§ **Task directions**
Take the line that holds "a chef cooking on a grill" and every line after it to the end of the entries, and repeat them exactly without the pictures.

(Scraped caption text data)

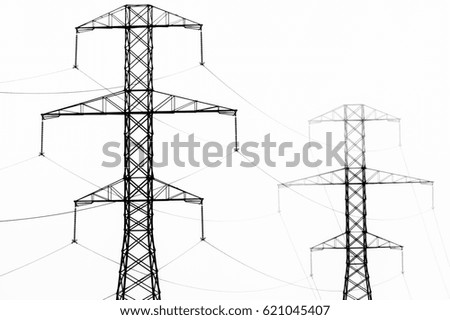High key black and white abstract of power line towers and fog.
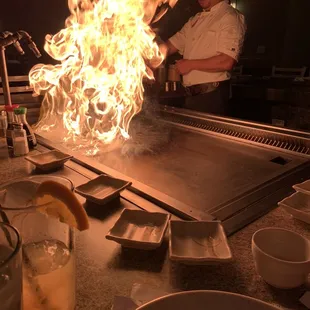 a chef cooking on a grill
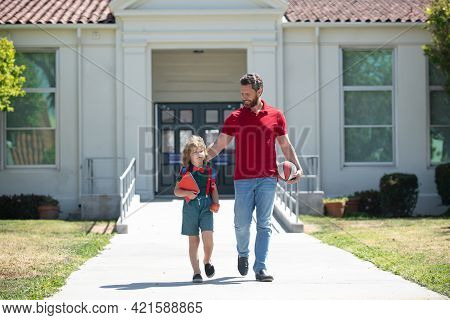 Father Walking Son To School. Parent And Pupil Of Primary School Schoolboy. Dad And Cild Go Beginnin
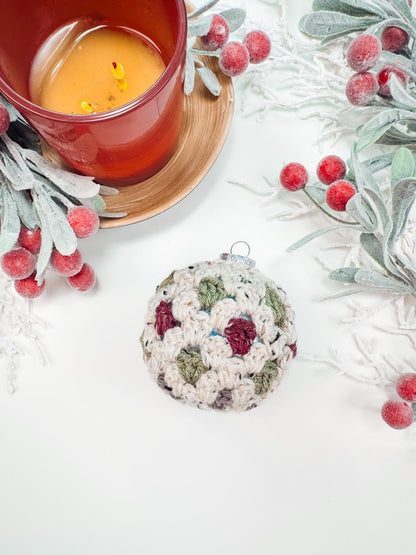 Crocheted ornament with multicolored patterns next to a lit orange candle in a wooden holder, surrounded by frosted greenery and red berries on a white surface—a perfect handmade gift for those who appreciate artisanal charm.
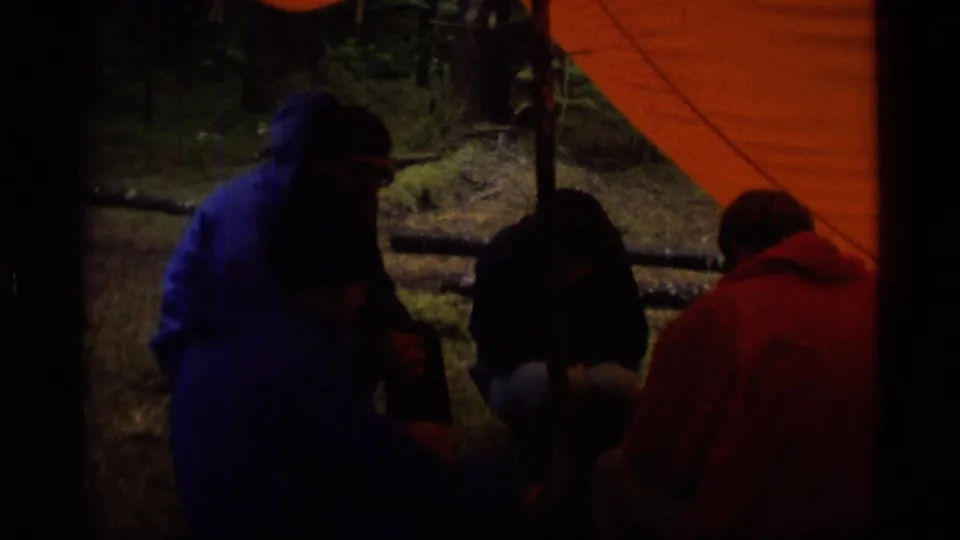 1977 Alaska campsite frame with several people under an orange tarp, partly shadowed by trees and film exposure.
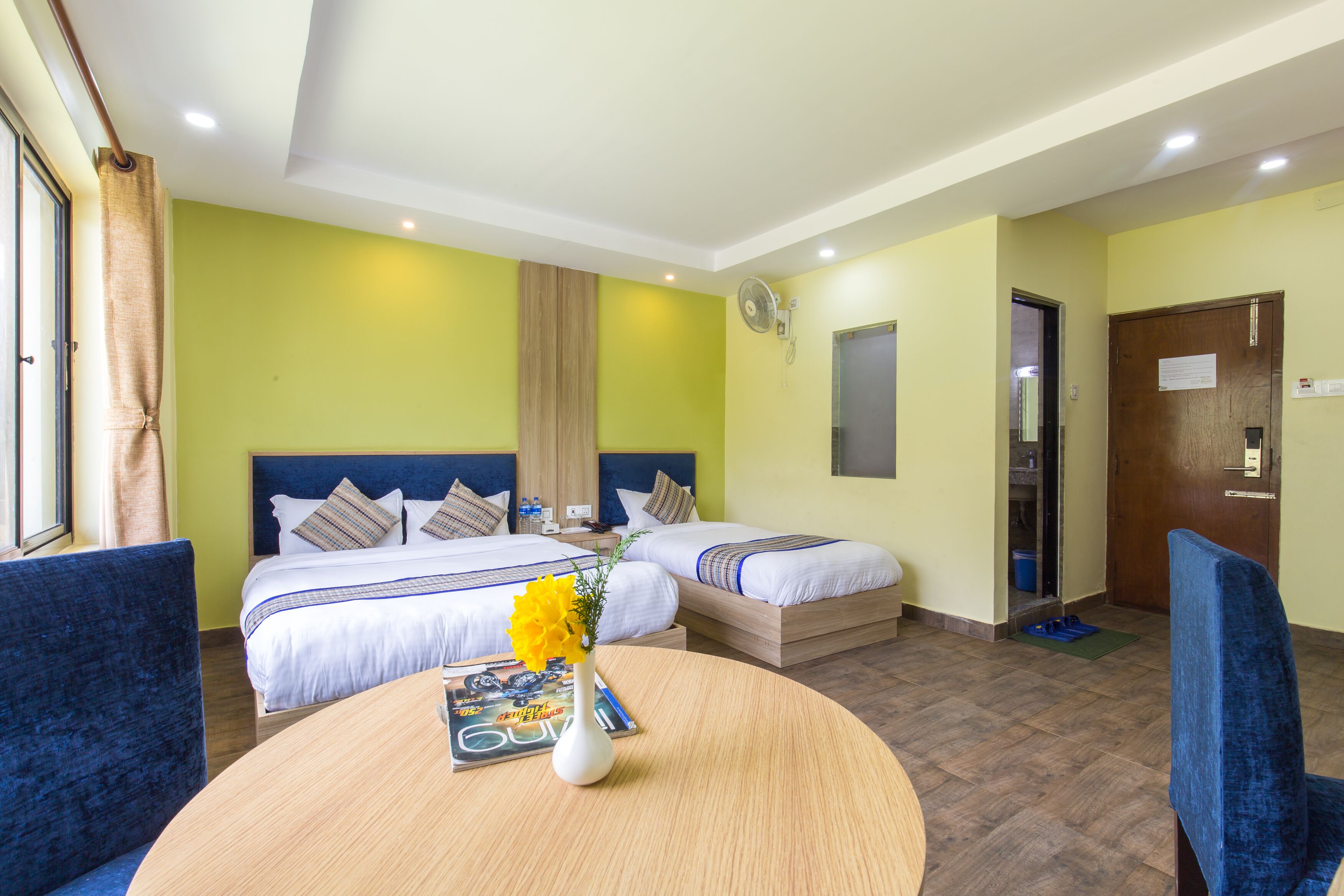 Quarto de hotel com duas camas, uma mesa redonda com um vaso e revista, e uma cadeira azul.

§ **Output of the exercise**
 a chef cooking on a grill
 Father Walking Son To School. Parent And Pupil Of Primary School Schoolboy. Dad And Cild Go Beginnin
 Crocheted ornament with multicolored patterns next to a lit orange candle in a wooden holder, surrounded by frosted greenery and red berries on a white surface—a perfect handmade gift for those who appreciate artisanal charm.
 1977 Alaska campsite frame with several people under an orange tarp, partly shadowed by trees and film exposure.
 Quarto de hotel com duas camas, uma mesa redonda com um vaso e revista, e uma cadeira azul.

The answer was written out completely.